You are viewing a plain text version of this content. The canonical link for it is here.

Posted to issues@iceberg.apache.org by GitBox <gi...@apache.org> on 2022/10/24 17:48:04 UTC

[GitHub] [iceberg] ahshahid opened a new issue, #6039: Perf enhancement by leveraging Dynamic Partition Pruning rule of spark for non partition columns used as join condition

ahshahid opened a new issue, #6039:
URL: https://github.com/apache/iceberg/issues/6039

Spark has Partition Pruning rule which under right condition can fetch all the join keys of one side of the table, and pass it as an In Clause filter to other table.

For eg if the query is select * from Table1 joinTable2 on Table1. A = Table2.B where …..

In this case depending upon the stats / cardinality , the DPP rule may exeute a query like

select distinct A from Table1

such that it has all the unique keys of Column A from Table1, which can be passed as an In filter to Table2.

Thus on Table2 , there can be a Filter B IN ( unique values of A………)

Spark provides an Interface SupportsRuntimeFilter which if implemented by the underlying Datasource , can pass all the columns which the Datasource can do to prune the row space.
Though the name of the rule is PartitionPruning rule, but spark is agnostic to whether the columns passed by data source have to be partitioned column or not.
In case of iceberg ( if table is using parquet format , at least, not sure yet if it applies to orc or avro as I have not yet investigated those 2 formats), if the column type is comparable ( at least for numerical types) we have info of max/min.
These can be utilized to prune the row space further by skipping row groups, even if the column is not a partitioning column.

Iceberg currently provides only partitioning columns as part of SupportsRuntimeFilter. This can be augmented to non partitioning columns too.

Since iceberg storage format , at least if it is parquet ( not sure about avro or orc yet, afaik) , implies that for some column types ( at least numerical I suppose, though may be string), stats are available at manifest level and Row Group level.

Implementation idea:
Lets assume col A & col B are Int.

and unique values of Col B obtained by spark’s DPP query is say ( 10, 17, 18, 1, 5, 4)

We can create a SortedSet of these values 1, 4, 5, 10, 17, 18

Iceberg and parquet, invoke the filters passed , at multiple levels..

Like, at time of manifest reading, Row Group reading etc.

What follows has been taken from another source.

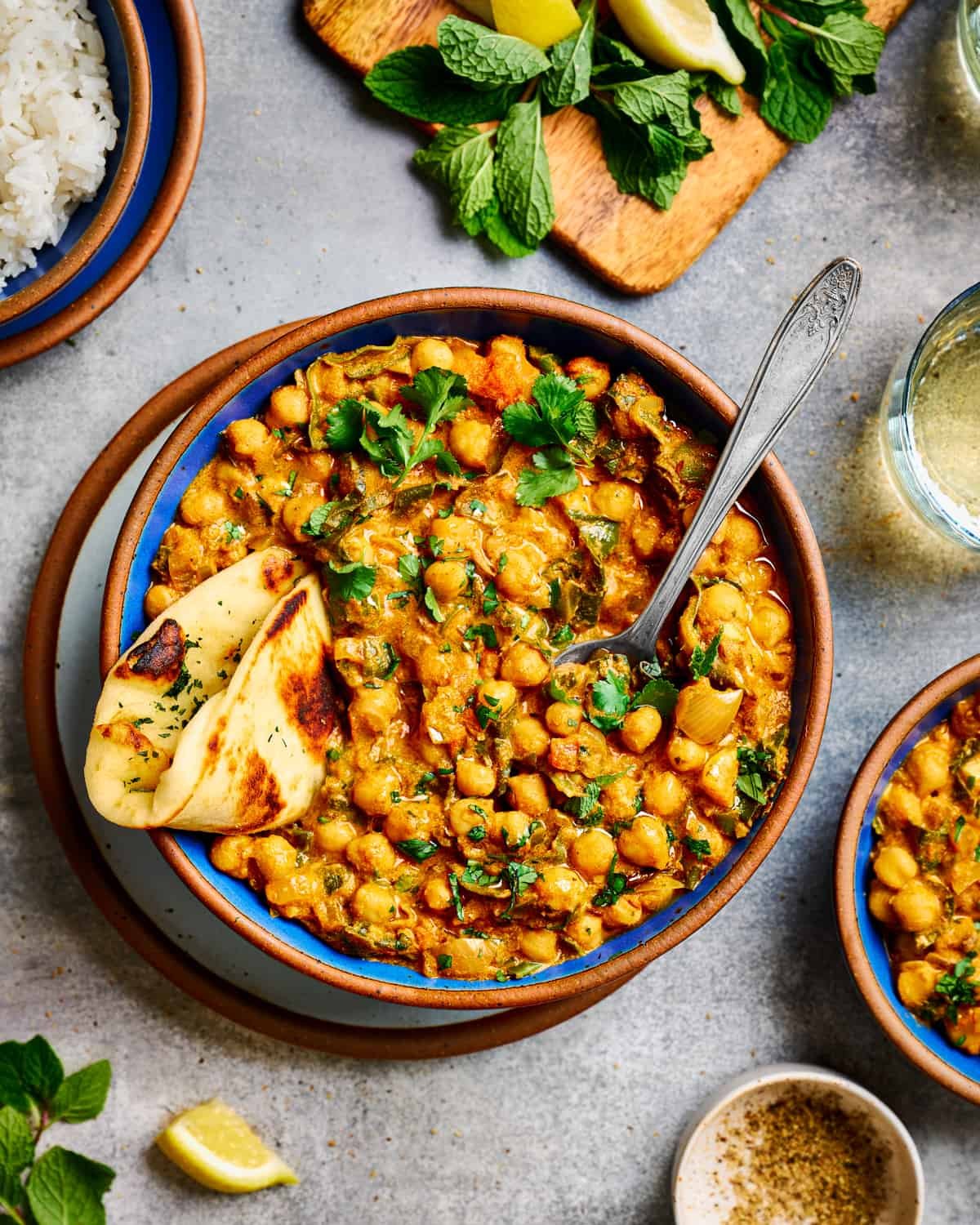 fresh homemade chickpea curry served naan bread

At such places, the “iceberg & parquet” code base, invoke the Filters ( via Visitor pattern) , passing data objects from which min & max values of the column are available.

Thus say if the min passed is 3, and max passed is 6 for column A,

we can obtain a tailSet starting from (3) on the SortedSet.

Open iterator on tail set,

if iter.next exists and its value is <= max, that means the File/RowGroup ( or whatever chunk for which the min/max are present) needs to be considered. else it can be ignored

so here iter.next will be true & its value is 4 .. since 4 <= 6 , the block / chunk/ RowGroup will be read.

This is the general idea.

For this I have extended BoundSetPredicate and created a new BoundRangeInPredicate

At some point , I think one of them should suffice.

For now I have kept it separate.

Reasons :

1) BoundSetPredicate does not keep sorted data . It keeps it as a Set..

The places where it needs to do checks on lower Bound , uppper Bound, it uses comparator to sort on each call. This can be avoided if the set was sorted in the first place.

2) The Parquet would convert the BoundSetPredicate to In Filter. This would be evaluated on each row too.

But in our case , looking up the Set for each row would be expensive, because it is a sorted set and in any case it will do look up in Joining HashSet anyways. So no point in doing 2 lookups. With a UserDefined Filter , per row check can be skipped.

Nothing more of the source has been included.